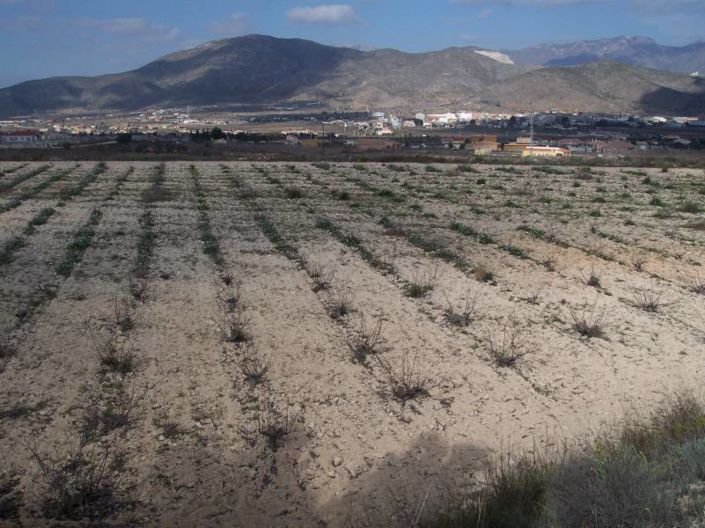 Image No.3-Plot for sale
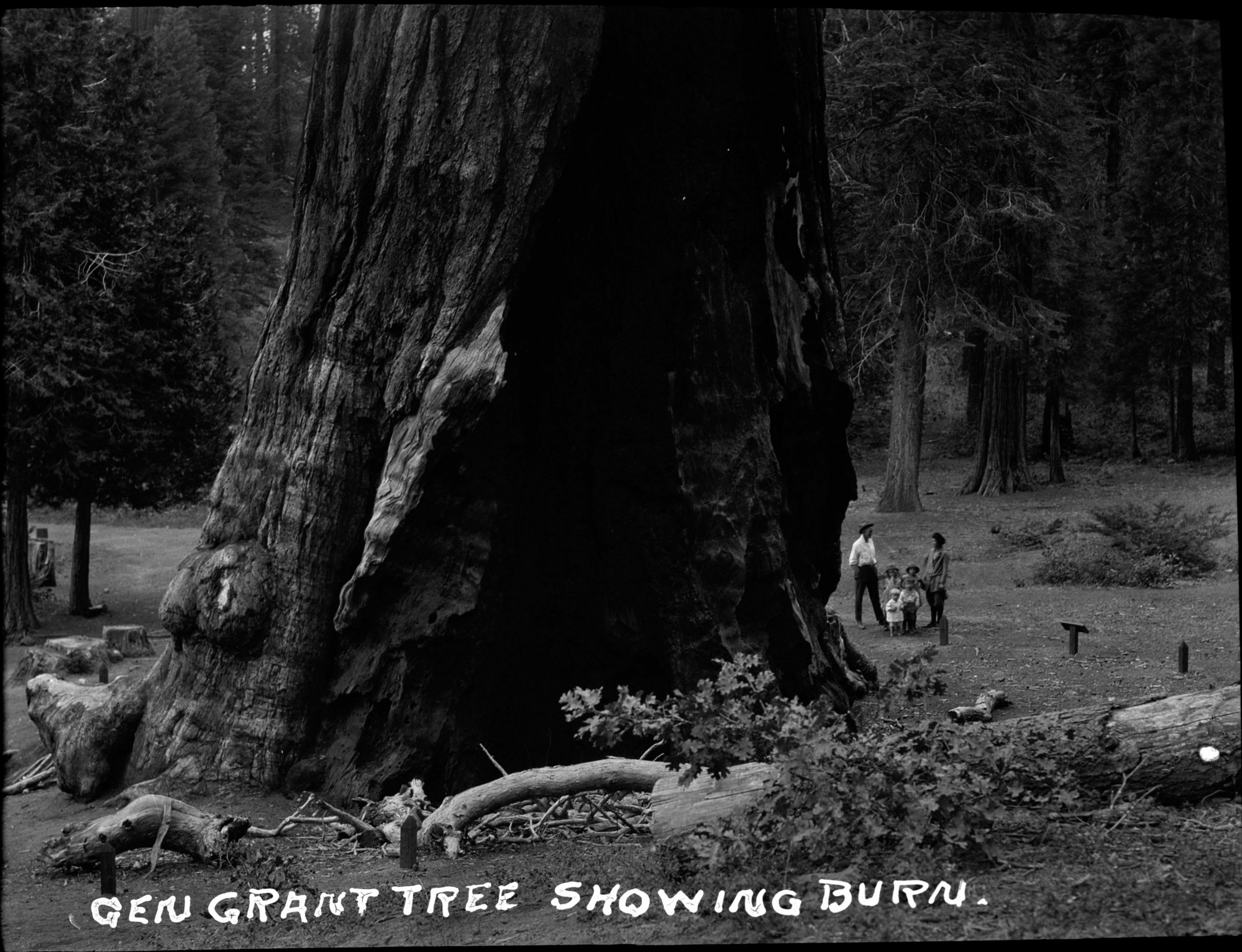 SEKI Roberts Collection Series: 2 Negatives; 13 Sequoias
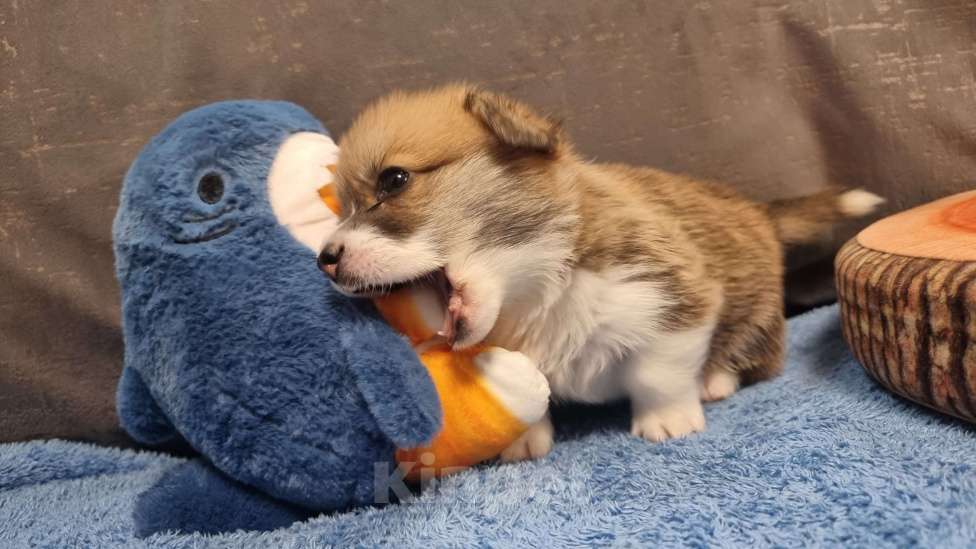 Собаки в Москве: Элитный щенок Мальчик, 85 000 руб. - фото 2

To do
Omit the pictures, then set down all the remaining data exactly as given.

Task result
 Image No.3-Plot for sale
 SEKI Roberts Collection Series: 2 Negatives; 13 Sequoias
 Собаки в Москве: Элитный щенок Мальчик, 85 000 руб. - фото 2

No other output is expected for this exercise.